Design at the kôr
In addition to the countless risks inherent to start-ups, the pair faced two thorny challenges: they were creating competition for their former employer and they needed to transfer their 25 years of combined experience to a totally new company — a scenario that was especially chancy in a mid-sized Midwestern market.
“We really wanted to set ourselves apart from the other commercial interior designers because we truly feel that our approach and work are different than what anyone else is doing,” shares Mary. “More than anything, we wanted a consistent look and feel for everything that represented our business.”
Identity design is different from interior design, they quickly discovered. Trying to conceive a company name and logo that conveyed what this new company would be proved to be an overwhelming challenge. “We needed a name that truly captured our essence, otherwise people would end up referring to us as Kim and Mary’s Design Studio,” Kim explained. “Our husbands tried to come up with suggestions, yet still, nothing seemed to fit who we were.” At that point they knew it was time to follow their own advice and to call in the experts in the form of the Hiawatha, Iowa-based design collaborative FUEL.
During their initial meeting with FUEL, it was clear that the two businesses shared similar philosophies about design and collaboration. In fact, the process FUEL used to create the interior design firm’s identity mirrors the process kôr uses today, with a considerable amount of time spent understanding the client’s goals, personality, style, and vision. “If you ask the right questions and take the time to really listen and assimilate all you can about the client, it’s easier to hit the mark the first time,” says FUEL’s lead designer Bill Bollman.
And hit the mark they did. After an initial meeting with Kim and Mary, the FUEL design team had a brainstorming session to discuss their ideas. The group had a small but targeted list of potential names. “kôr came quickly as one of the names that we felt embodied what Kim and Mary were striving to do,” expounds Bill. “We worked from the word décor, breaking it down to its simplest form. Then we manipulated the phonetic elements until we came up with kôr.” Once they saw the word with the diacritical circumflex over the letter o, they knew that they had unraveled the mystery of both name and icon. The arrow-like circumflex and phonetic spelling capture kôr’s essence completely, signifying a fundamental and elemental approach to design that radiates from within.
From there, FUEL went on to create kôr’s tag line: design from the inside out. “The concept was there,” Bill explains, “we just needed to figure out how to reinforce the concept within the name.” FUEL was so confident that kôr was the solution for Kim and Mary’s identity that they went on to select a color palette and create business papers to reinforce kôr’s message. When they unveiled their concept, along with several other possibilities to Kim and Mary, kôr was the obvious favorite.

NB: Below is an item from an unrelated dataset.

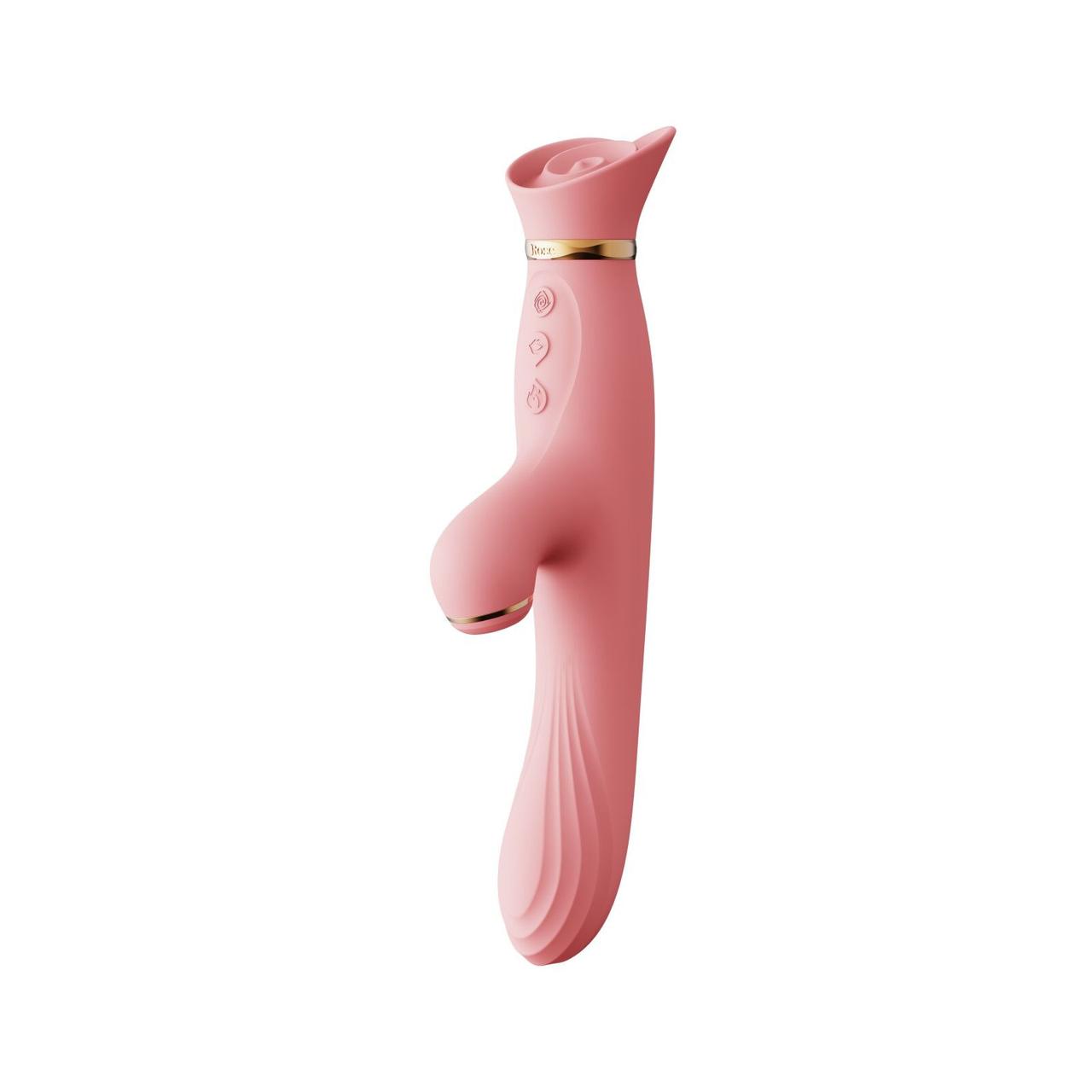 Вібратор з підігрівом та вакуумною стимуляцією клітора Zalo - ROSE Vibrator Strawberry Pink 18+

From business papers and ‘faks’ covers to the curved burnt-sienna sign outside their studio, kôr successfully implemented their identity across virtually every aspect of their business. For Kim that means “I don’t have to recreate the wheel every time I want to put together a proposal. We’ve already made our decisions about typeface, about stationery and presentation folders. That leaves me free to focus on what I’m good at — the design.” Mary agrees that their identity has made her role of building relationships and negotiating sales easier as well. “With our unique name and our prominent sign, most people have either seen or heard our name and are eager to learn more about what we do, giving me the perfect segue into that 30-second elevator speech.”
“We worked from the word décor, breaking it down to its simplest form. Then we manipulated the phonetic elements until we came up with kôr.”
— Bill Bollman
Almost two years later, kôr has established itself as a leader in commercial interior design and credits much of that success to their investment in a solid identity. “Working with FUEL was the best business decision we made when we were starting kôr,” Mary states. “The investment was worth every cent.” The credibility produced by a strong identity allowed Mary and Kim to bridge their past experience into their new role and truly hit the ground running once they opened their doors. In fact, kôr has done such an effective job managing its identity that at a recent trade show an exhibitor told Mary that kôr looked like a company that had been around for 20 years or more. That type of credibility is invaluable for any emerging business — and for Mary, it was just another example of the power of a good identity.
Specializing in space planning and furniture programming while remaining true to its philosophy of design from the inside out, kôr has since shown many companies that the benefits of commercial design extend far beyond a snazzy lobby. According to Kim, “We’ve been able to boost morale, increase worker productivity through better space planning, and ultimately save companies money that would have been lost on spaces that weren’t right for the business activities going on inside their walls.”